Question

$\tan ^{-1}\left(\frac{x-1}{x-2}\right)+\tan ^{-1}\left(\frac{x+1}{x+2}\right)=\frac{\pi}{4}$, then the values of $x$ are

• A. $\pm \frac{3}{\sqrt{2}}$
• B. $\pm \frac{1}{2}$
• C. $\pm \frac{1}{\sqrt{2}}$
• D. $\pm \frac{\sqrt{3}}{2}$

Hint:

Always check the domain of the arctangent functions when solving, though here the algebraic simplification confirms the valid roots.

Answer 1

The Correct Option is C

Step 1: Understanding the Question:
We are given an inverse trigonometric equation involving a sum of arctangent functions equal to $\frac{\pi}{4}$. We need to solve for $x$.

Step 2: Key Formula or Approach:
Use the identity $\tan^{-1} A + \tan^{-1} B = \tan^{-1} \left( \frac{A+B}{1-AB} \right)$.

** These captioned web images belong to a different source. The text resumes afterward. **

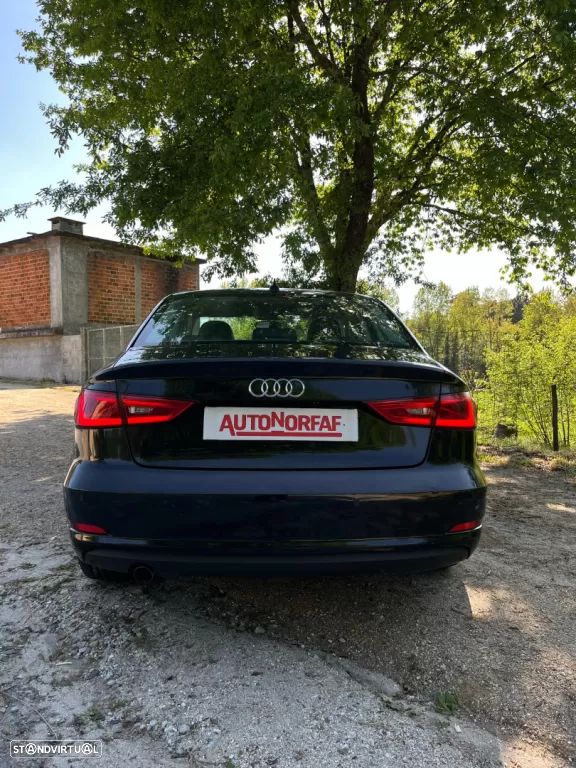 Audi A3 Limousine 1.6 TDI Advance - 5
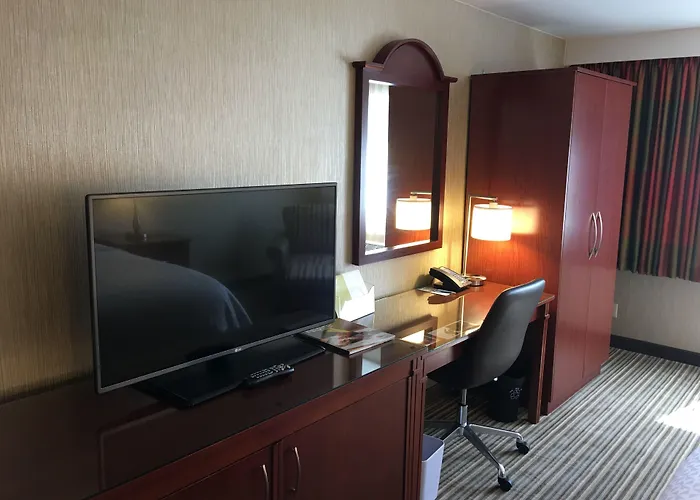 Four Points By Sheraton & Conference Center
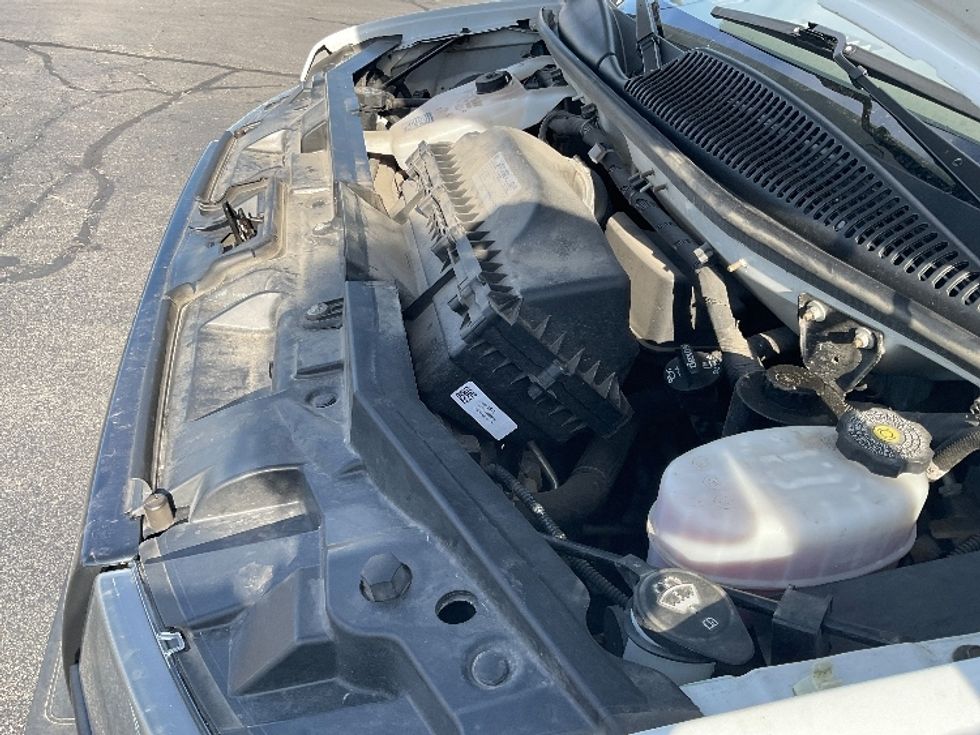 Light Duty Box Truck-Light and Medium Duty Trucks-GMC-2022-Savana G33903-Windsor-WI-66,944\n\t\tmiles-$ 39,000 - Image 24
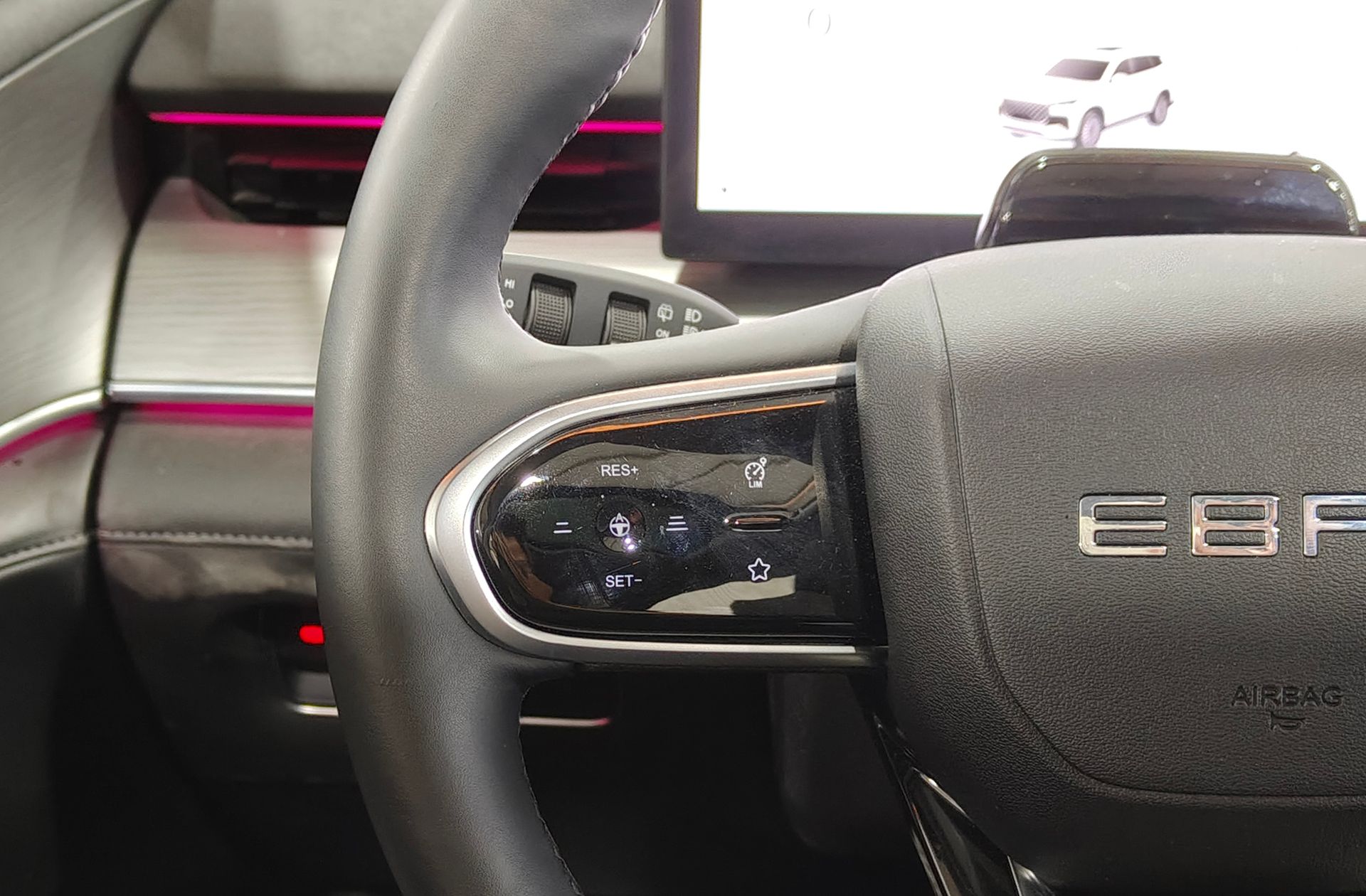 Ebro s800 1.6 T-GDi Luxury DCT - foto 31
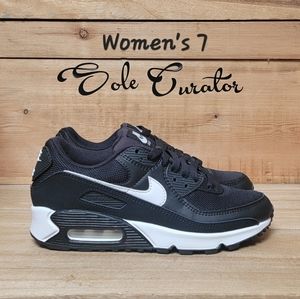 🆕️ Women's Nike Air Max 90 size 7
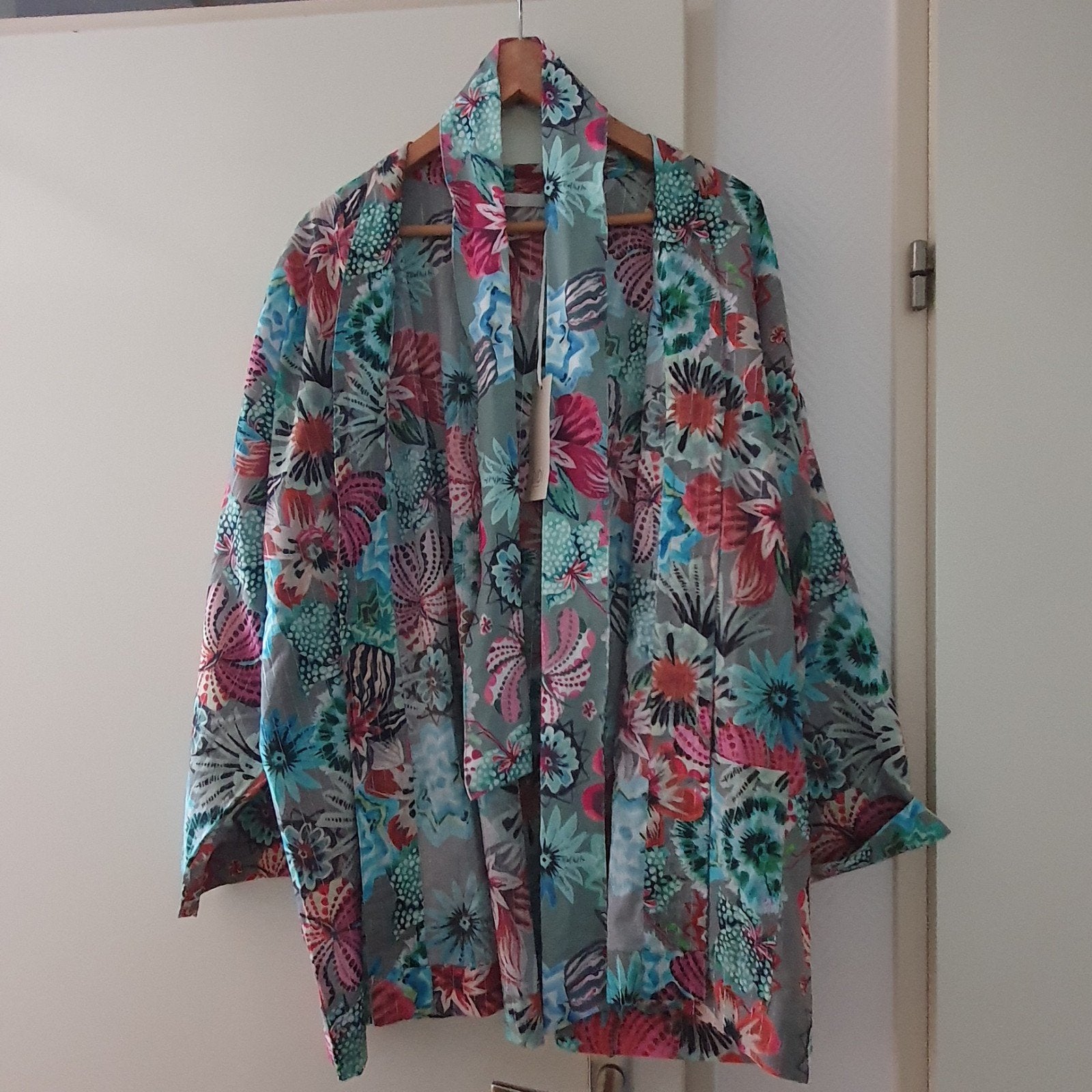 Vrolijk gekleurde kimono van Didi, maat 46/48, Kleding | Dames, Maat 46/48 (XL) of groter, Nieuw, Didi, Meerkleurig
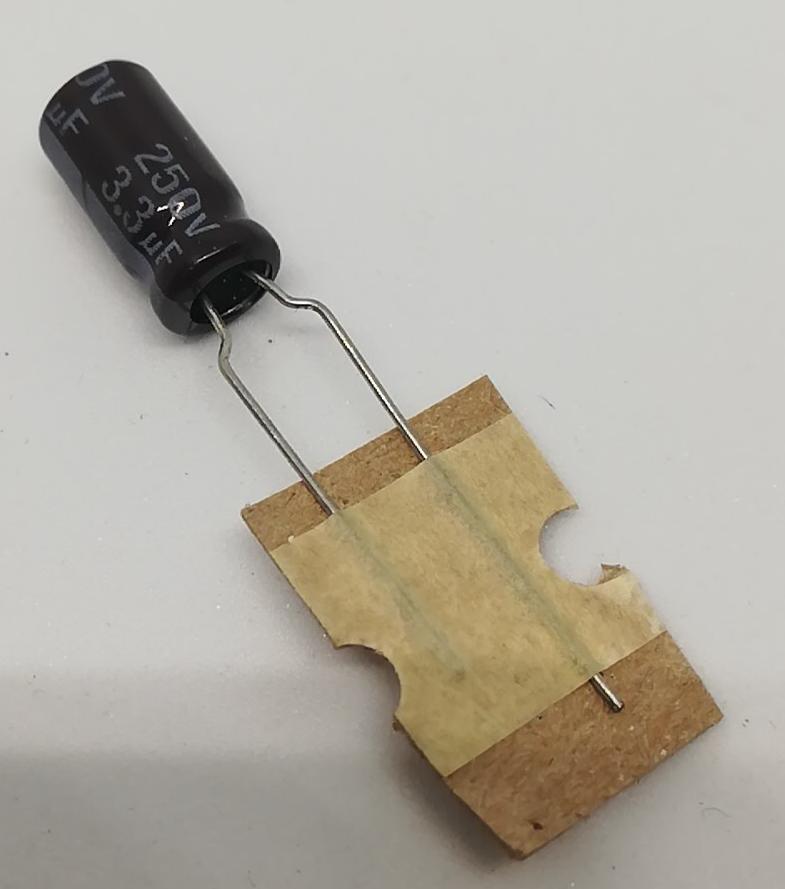 3.3UF 250V Elektrolitik Kondansatör 105C CYH 6.3X12 RM:5
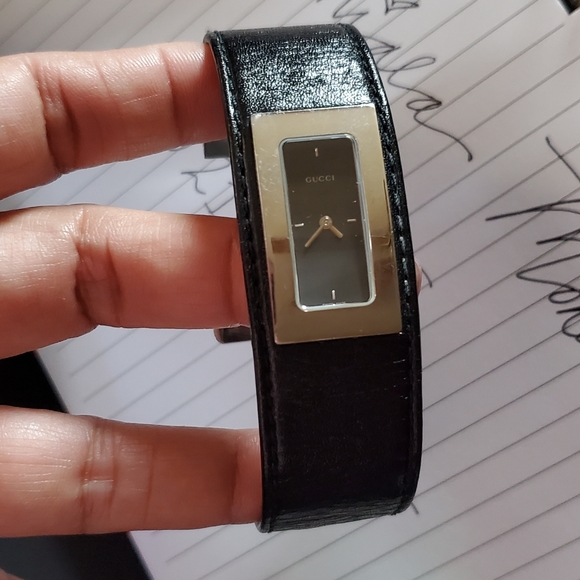 GG LADIES WATCH - Picture 2 of 3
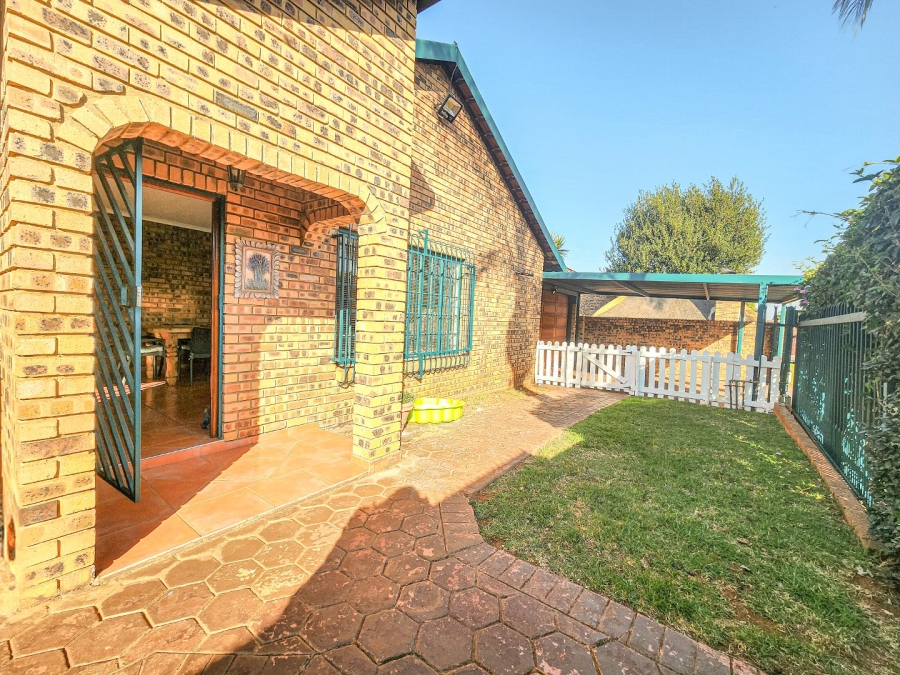 3 Bedroom Property for Sale in Eldoraigne Gauteng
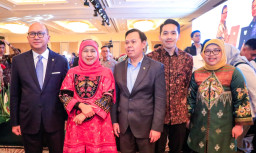 Gubernur Khofifah Hadiri Peringatan Hari Kemerdekaan Singapura ke-61: Tegaskan Komitmen Perkuat Hubungan Jatim-Singapura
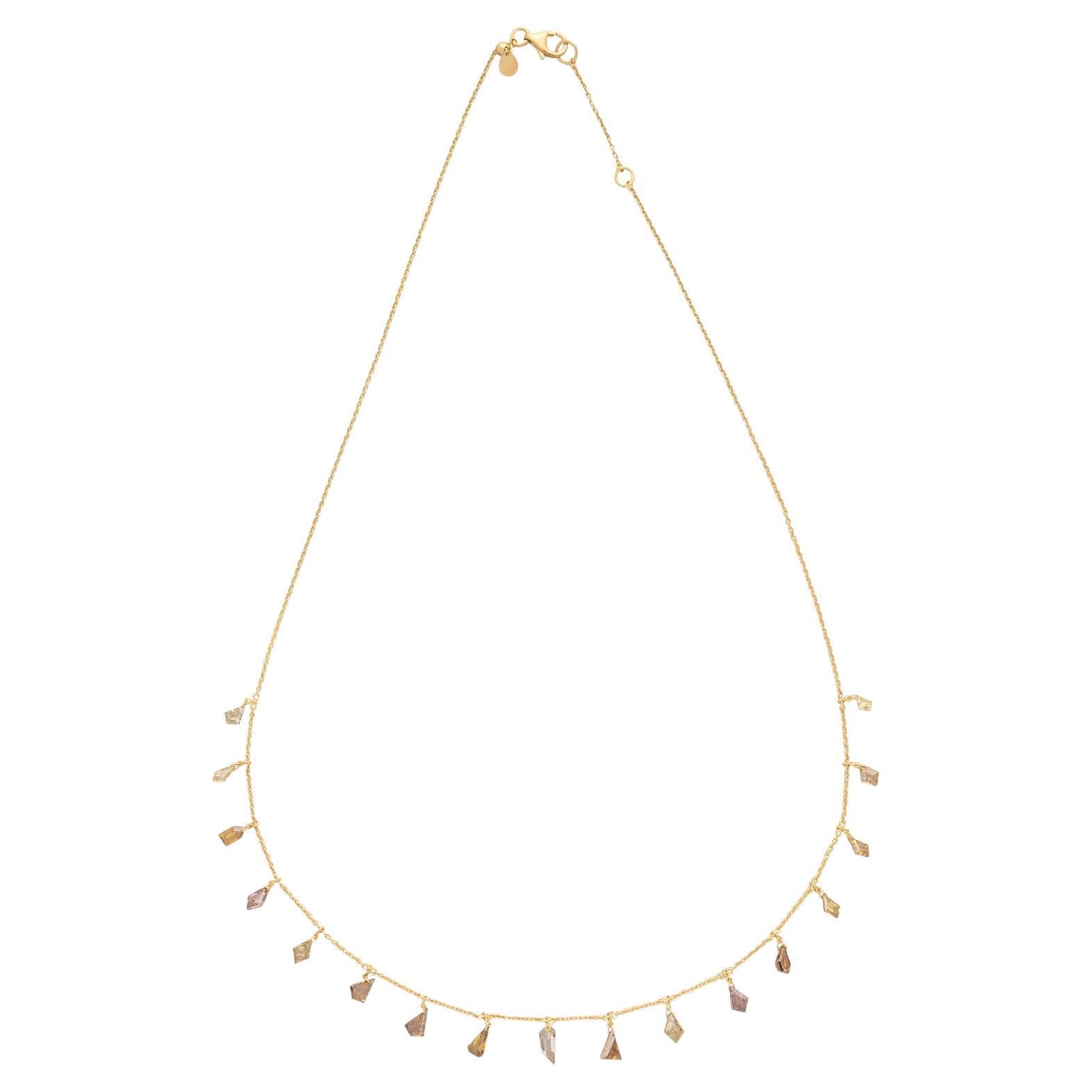 Collier unique en diamants multicolores de 4,40 carats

Step 3: Detailed Explanation:
Let $A = \frac{x-1}{x-2}$ and $B = \frac{x+1}{x+2}$.
$\tan^{-1} \left( \frac{\frac{x-1}{x-2} + \frac{x+1}{x+2}}{1 - (\frac{x-1}{x-2})(\frac{x+1}{x+2})} \right) = \frac{\pi}{4}$
$\frac{(x-1)(x+2) + (x+1)(x-2)}{(x-2)(x+2) - (x-1)(x+1)} = \tan\left(\frac{\pi}{4}\right) = 1$
$\frac{(x^2+x-2) + (x^2-x-2)}{(x^2-4) - (x^2-1)} = 1$
$\frac{2x^2 - 4}{-3} = 1 \implies 2x^2 - 4 = -3 \implies 2x^2 = 1 \implies x^2 = \frac{1}{2}$
Thus, $x = \pm \frac{1}{\sqrt{2}}$.

Step 4: Final Answer:
The values of $x$ are $\pm \frac{1}{\sqrt{2}}$, which corresponds to option (C).